Sifat 20 bagi seorang yang bermazhab Ahlusunnah wal jamaah merupakan kajian tauhid yang wajib dipelajari. Pengkajian ini telah dipelajari sejak sekaian lama oleh para generasi sebelumnya. Sifat 20 merupakan salah satu jalan dimana kita menemukan hakikat makrifat kepada Allah SWT. Sebenarnya ada banyak jalan untuk menuju kepada-Nya, salah satunya adalah melalui pelajaran Sifat 20, yaitu kumpulan beberapa sifat yang mempelajari tentang sifat-sifat Allah SWT. Baik yang mustahil ataupun yang wajibnya.
Pada dasarnya jumlah sifat ini bukan 20, sifat ini merupakan sifat wajib saja yang mempelajari sifat-sifat Allah yang wajib dipelajari. Namun ada sifat dari lawannya Sifat 20, yang disebut dengan sifat Mustahil 20, yaitu lawan dari sifat Wajib 20. Menurut para Ulama Ahlusunnah, sifat mustahil dan wajib bagi Allah yang masing-masingnya berjumlah 20 jika dijumlahkan menjadi 40 sifat. Yang Wajib bagi Allah 20 dan yang mustahil bagi Allah adalah 20, sehingga ketika dijumlahkan menjadi sifat 40. Sifat ini hanya membahas pada sifat Allah semata. Namun sebenarnya lebih jauh lagi selain yang dipelajari ilmu tauhid bagi seorang ahlusunnah bukanlah hanya pada Allah semata namun kepada para nabi dan rasul jugalah demikian.

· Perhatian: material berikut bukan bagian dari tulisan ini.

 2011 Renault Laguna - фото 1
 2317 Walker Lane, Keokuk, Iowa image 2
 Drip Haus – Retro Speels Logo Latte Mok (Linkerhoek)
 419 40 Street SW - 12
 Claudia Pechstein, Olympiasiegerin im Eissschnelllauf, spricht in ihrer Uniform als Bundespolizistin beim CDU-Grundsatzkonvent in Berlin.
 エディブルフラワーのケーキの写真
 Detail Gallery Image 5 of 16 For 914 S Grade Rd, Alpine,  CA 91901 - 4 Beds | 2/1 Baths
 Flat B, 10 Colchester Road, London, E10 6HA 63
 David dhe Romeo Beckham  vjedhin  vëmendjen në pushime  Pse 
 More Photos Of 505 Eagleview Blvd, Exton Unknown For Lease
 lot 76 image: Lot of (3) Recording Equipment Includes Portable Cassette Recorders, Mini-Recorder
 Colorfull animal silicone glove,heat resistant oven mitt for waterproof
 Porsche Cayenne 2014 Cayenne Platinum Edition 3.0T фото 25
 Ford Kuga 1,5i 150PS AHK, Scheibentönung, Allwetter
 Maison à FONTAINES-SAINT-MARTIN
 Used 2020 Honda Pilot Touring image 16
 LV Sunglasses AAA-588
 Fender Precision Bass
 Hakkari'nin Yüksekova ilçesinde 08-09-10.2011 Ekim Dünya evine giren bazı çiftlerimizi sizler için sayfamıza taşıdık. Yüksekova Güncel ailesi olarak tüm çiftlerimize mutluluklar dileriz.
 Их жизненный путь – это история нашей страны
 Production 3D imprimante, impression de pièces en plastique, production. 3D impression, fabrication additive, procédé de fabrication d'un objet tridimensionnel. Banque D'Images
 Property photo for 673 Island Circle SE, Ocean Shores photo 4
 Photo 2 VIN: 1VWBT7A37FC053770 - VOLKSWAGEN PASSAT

Untuk para Nabi sama seperti halnya kepada Allah, yaitu memiliki sifat wajib dan mustahil. Sifat Wajib para Nabi berjumlah 4 dan mustahil juga demikian, yaitu 4 maka berjumlah 8 sifat untuk para nabi dan rasul. Kemudian oleh para ulama menambah satu sifat lagi, masing-masing 1 sifat untuk Allah dan satu sifat untuk para Nabi dan Rasul, maka berjumlah menjadi dua sifat, yang disebut oleh para ulama disini adalah sifat “Jaiz”.
Adapun kumpulan sifat-sifat diatas jika dikumpulkan maka menjadi rumusan sebagai berikut :
Sifat Wajib bagi Allah 20
Sifat Mustahil bagi Allah 20
Sifat Wajib bagi Nabi dan Rasul 4
Sifat Mustahil bagi Nabi dan Rasul 4
Jumlah : 48 sifat + 2 sifat Jaiz = 50 sifat.
Inilah 50 sifat keseluruhan yang ada pada penjelasan diatas. Sebenarnya mempelajari sifat bagi Allah tidak hanya sifat 20 saja, namun juga ia harus mempelajari dan mengkaji sifat 50 yang ada diatas. Maka oleh karena itu sifat-sifat ini bagi seorang muslim keseluruhannya wajib dipelajari karena sesungguhnya 50 sifat ini merupakan cara dasar kita untuk mengenal Allah SWT. Tentunya juga mengenal para utusan-utusan-Nya.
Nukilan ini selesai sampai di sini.